Consequently, adjustment of CrCL for the PBPK model in septic patients is of great advantage for more precise model prediction and should be considered individually. Referring to the small difference between MPE and MAPE values and the high correlation in terms of dose-normalised AUC0–24h for model 1b and model 2, additional consideration of individual patient characteristics did not seem to result in further model improvement. This also includes body weight changes during intensive care stay. Nevertheless, adjustment of body composition as a result of sepsis-related influences, as described for model 1a and shown in Fig. 5, contributes to an improvement for model predictions in the distribution phase of vancomycin and thus clearly indicates the importance of this parameter for PBPK modelling in septic patients. However, as adjustment of body composition based on individual body weight data did not result in distinct optimisation of model performance compared with model 1b (Table 4), this demonstrates a reliable and accurate assessment of body composition changes based on the gathered literature data.

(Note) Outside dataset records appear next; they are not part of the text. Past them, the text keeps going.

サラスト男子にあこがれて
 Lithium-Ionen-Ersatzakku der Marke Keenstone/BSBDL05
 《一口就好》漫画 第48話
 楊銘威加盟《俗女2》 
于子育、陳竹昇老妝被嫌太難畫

Although only a limited number of ten septic patients were included in this study, individual vancomycin PK are accurately (MPE) and precisely (MAPE) predicted when sepsis-related parameters are integrated into the model with the additional consideration of individual patient CrCL. Consequently, the predictive performance of the PBPK model should be tested in a larger septic population to show the clinical applicability.

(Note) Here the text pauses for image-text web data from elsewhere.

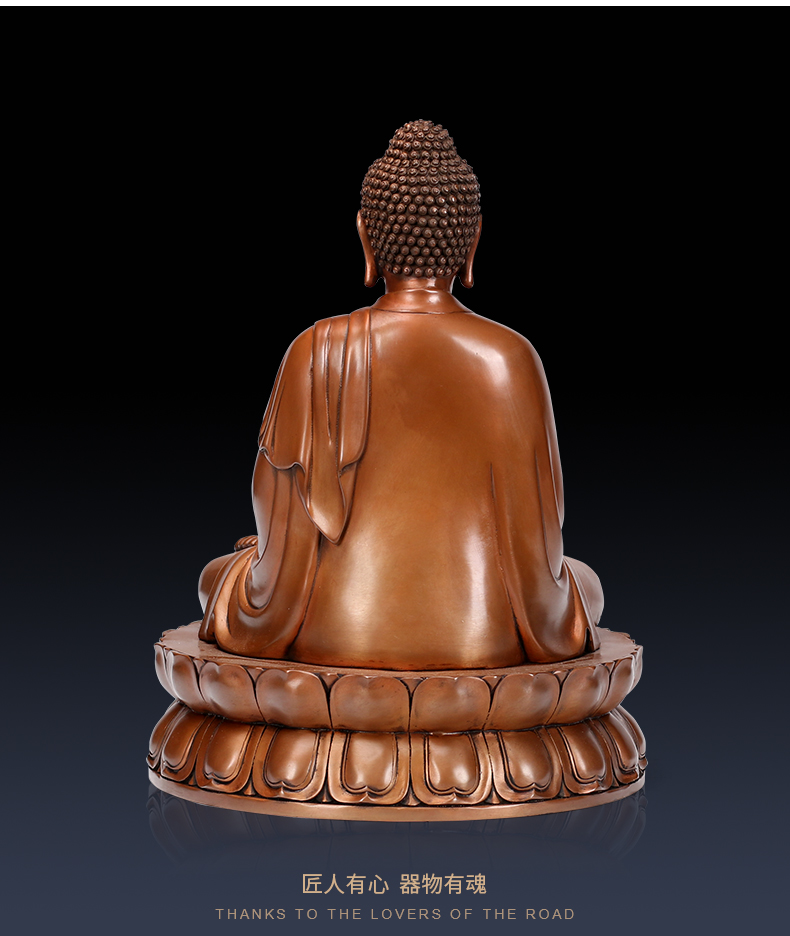 福笙堂 紫铜三宝佛像摆件 家居禅意大号阿弥陀佛释迦牟尼佛像供奉摆件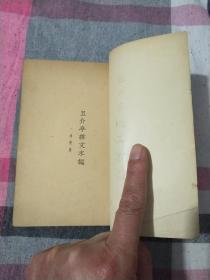 且介亭杂文末编  鲁迅  1948年版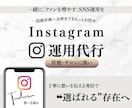 SNS運用代行いたします SNSで集客・求職者へ届く投稿をお手伝いします イメージ1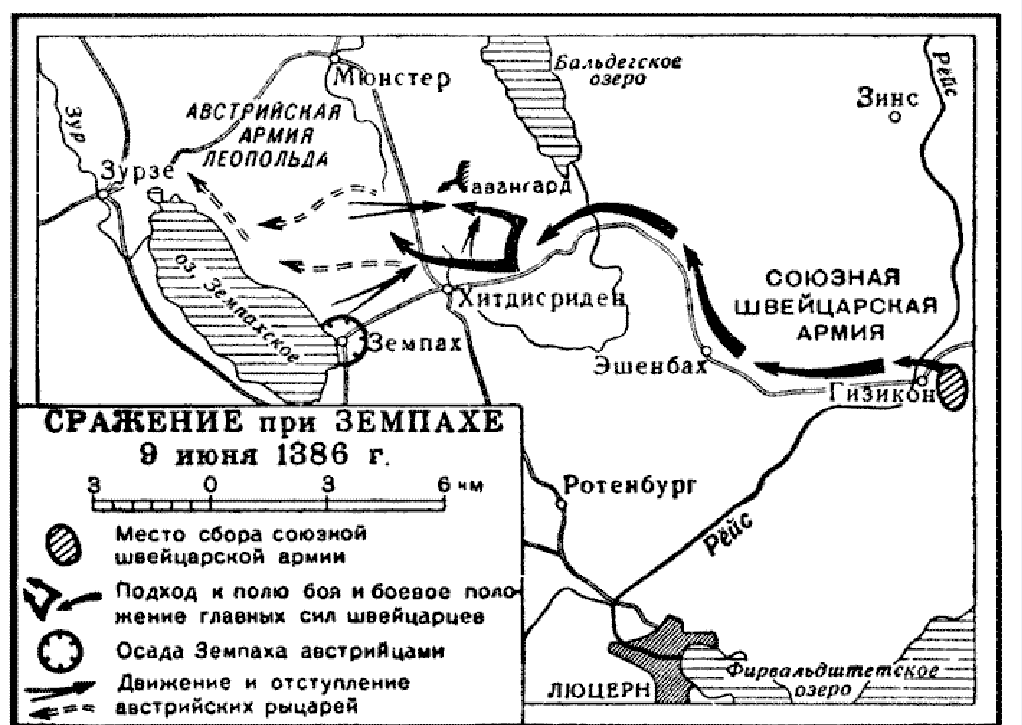 Схема войны независимости. Битва при Земпахе. Битва при Земпахе 1386. Битве при Панипате карта. Битва на реке Серице.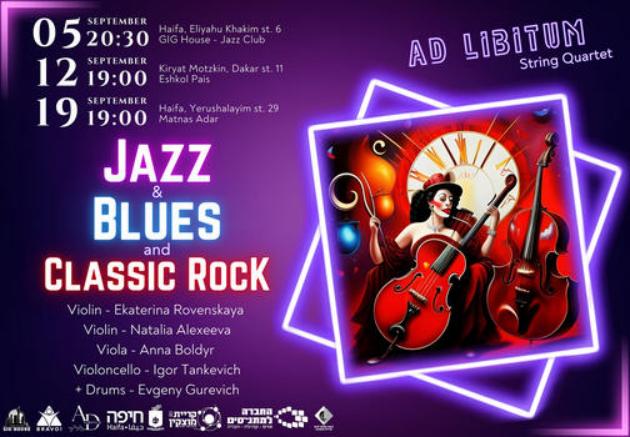 Хайфа и Крайот: Jazz&Blues and Classic Rock в исполнении струнного квартета Ad Libitum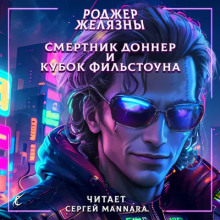 Смертник Доннер и Кубок Фильстоуна (Роджер Желязны)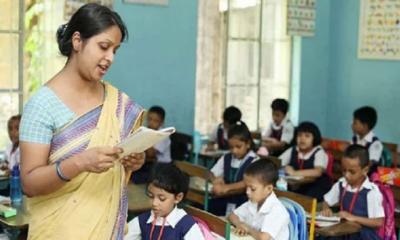 বেতনের অভাবে প্রাথমিকের শিক্ষকরা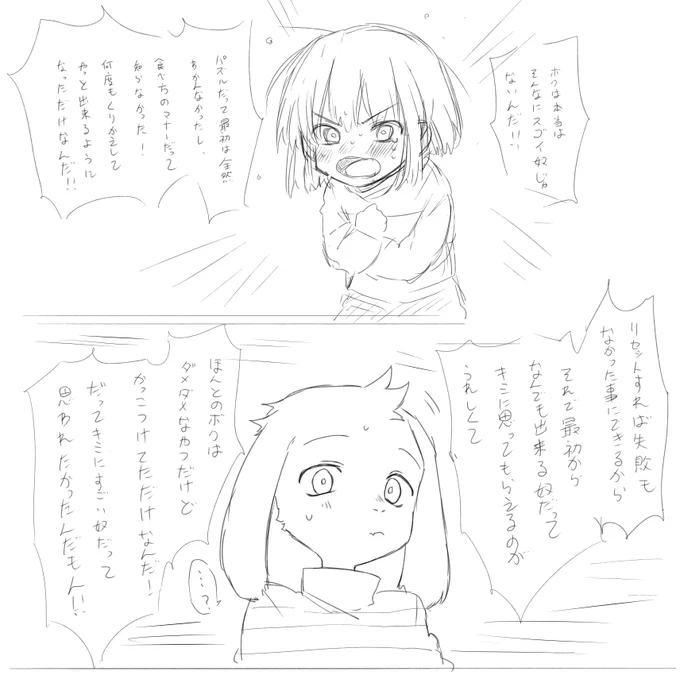 so kawaii chasriel(妄想)
リセット出来るといくらでもかっこつけられるからな 
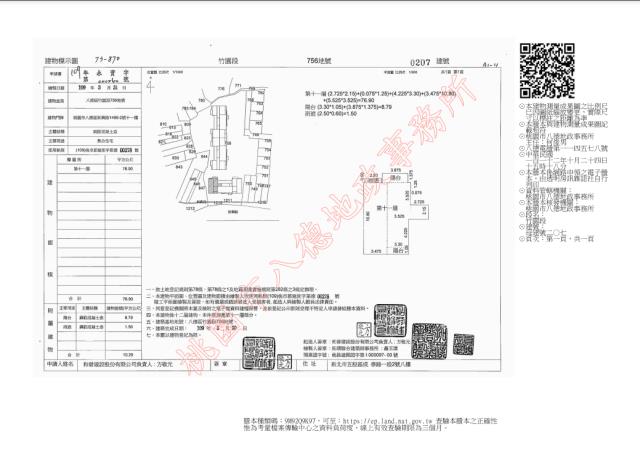 八德拍賣大樓-11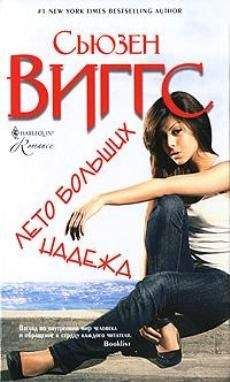 Сьюзен Виггз - Лето больших надежд - Читать 📖 Читать онлайн 👀 Читаемые книги читать онлайн бесплатно 🔥 booksread-online.com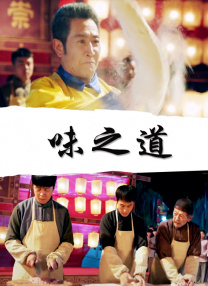 手机免费播放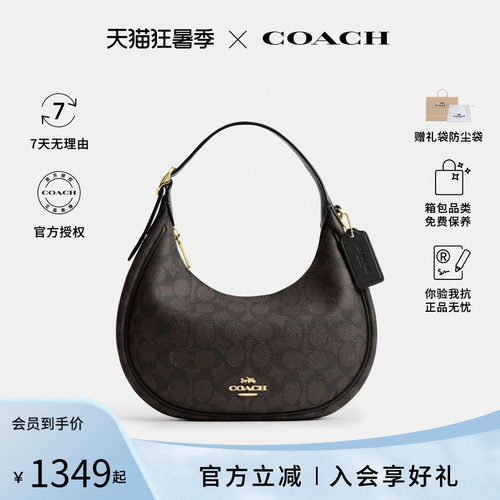 COACH/蔻驰23EMILY腋下月牙包女士通勤包百搭单肩斜挎手提包CDX17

Finally, it should be noted that all findings are based on the renally cleared vancomycin, where the effects of sepsis-induced changes on physiological parameters such as hematocrit, organ blood flow or protein binding are suggested to be minor for model prediction. However, these effects could be of major importance for model prediction of highly protein-bound drugs or those with a high hepatic-extraction-ratio, which should therefore encourage the further investigation of drugs with a more complex pharmacokinetic profile to show broader applicability of the septic PBPK model.

5 Conclusion

Variations of system parameters, including biochemical processes, body composition and organ function are important elements for PBPK simulations of drug PK in patients with a varying health status. In the current study, we provided essential qualitative and quantitative information on physiological changes of critically ill patients with sepsis of different degrees of severity that can be used as a starting point for further PBPK modelling in this subpopulation of patients. Incorporation of literature-based alterations as well as readily accessible individual patient information successfully predicted vancomycin PK in a respective study group of septic patients. Therefore, this study will allow for further extension and validation of input parameters with the goal to optimise drug dosing in critically ill patients with sepsis and thus improve patient outcome. Additionally, the PBPK model for septic patients could be used to refine dosing recommendations in situations when plasma concentration measurements are not available.